**Raw data:**
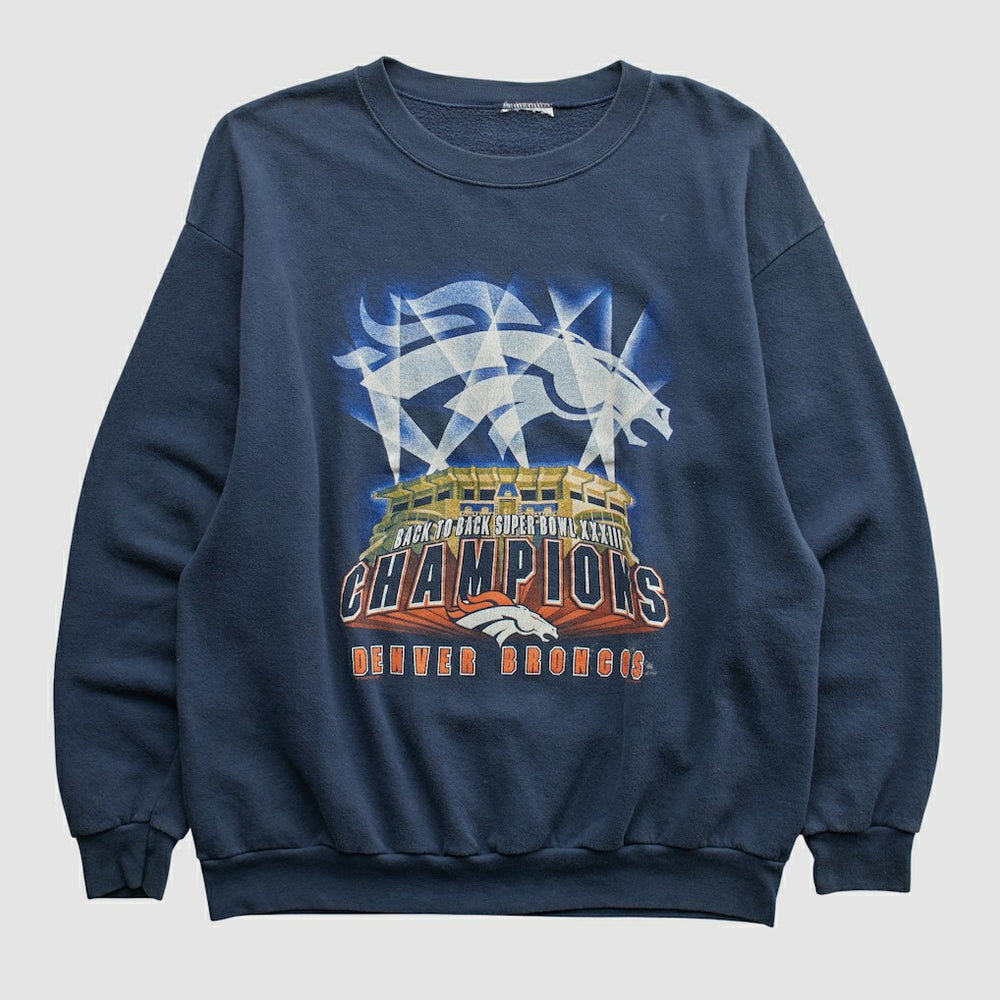 Denver Broncos 1999 Pullover Sweatshirt - Navy Vintage cheap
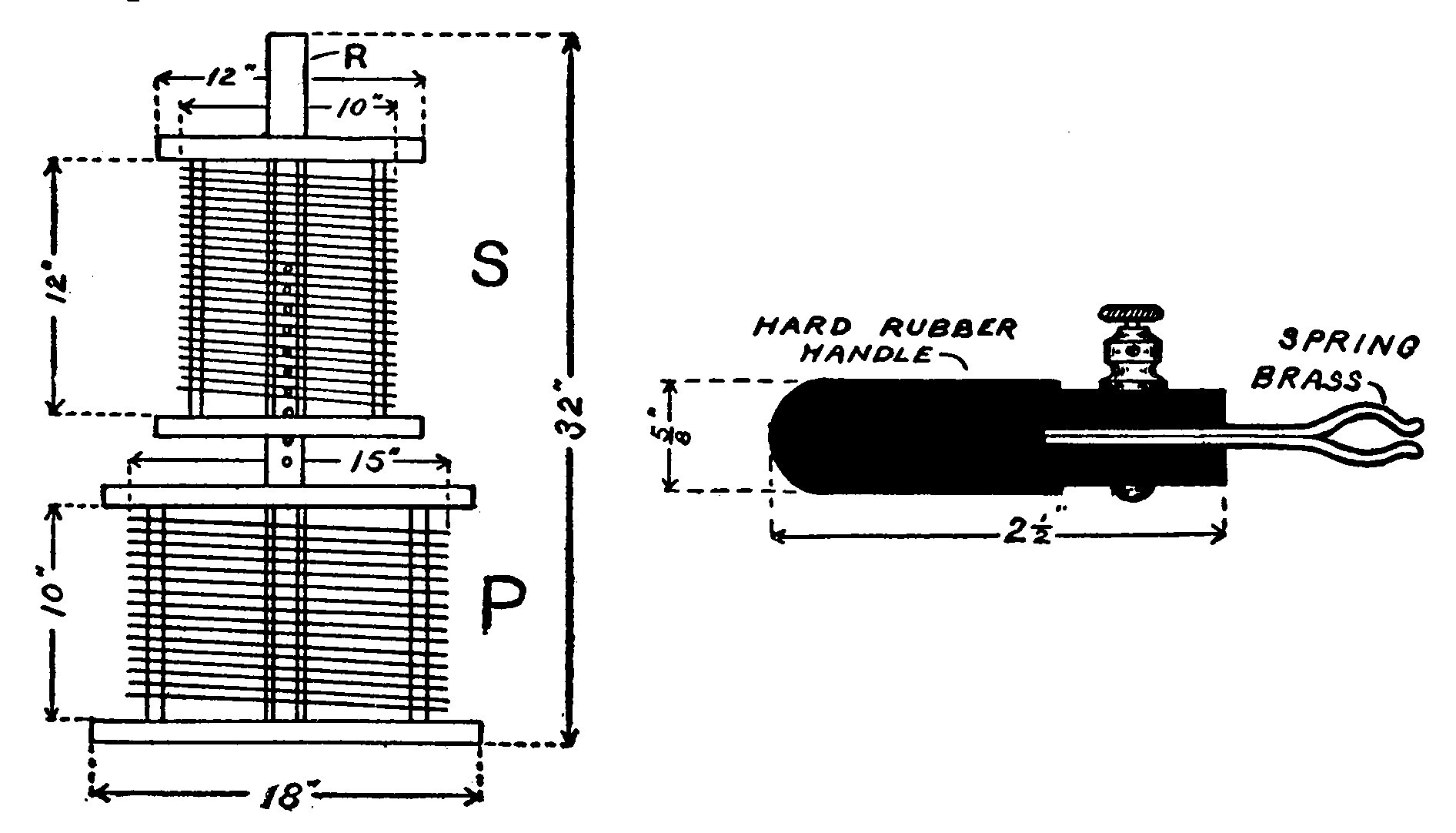 Fig. 64. Loosely Coupled Transmitting Helix and Contact Clip.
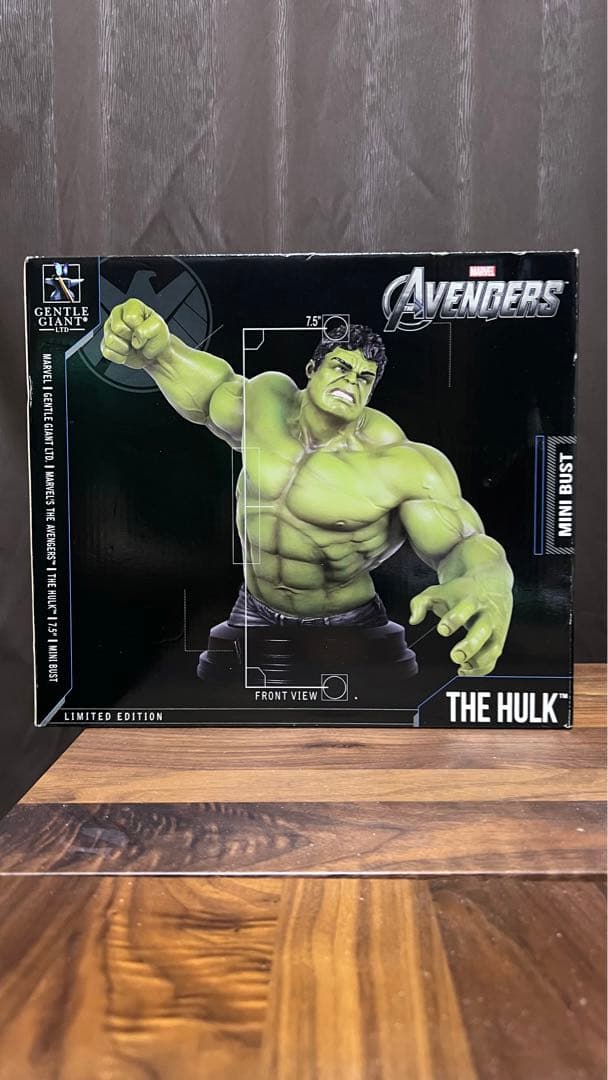 ジェントルジャイアント ハルク アベンジャーズ マーベル ミニバスト
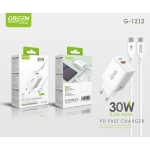 G-1212 CARGADOR 30W PD/QC3.0+CABLE C-C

**Task item:**
Set down exactly, line for line, the data from the line that contains "ジェントルジャイアント ハルク アベンジャーズ マーベル ミニバスト" through its last line, keeping pictures out.

**Answer to this problem:**
 ジェントルジャイアント ハルク アベンジャーズ マーベル ミニバスト
 G-1212 CARGADOR 30W PD/QC3.0+CABLE C-C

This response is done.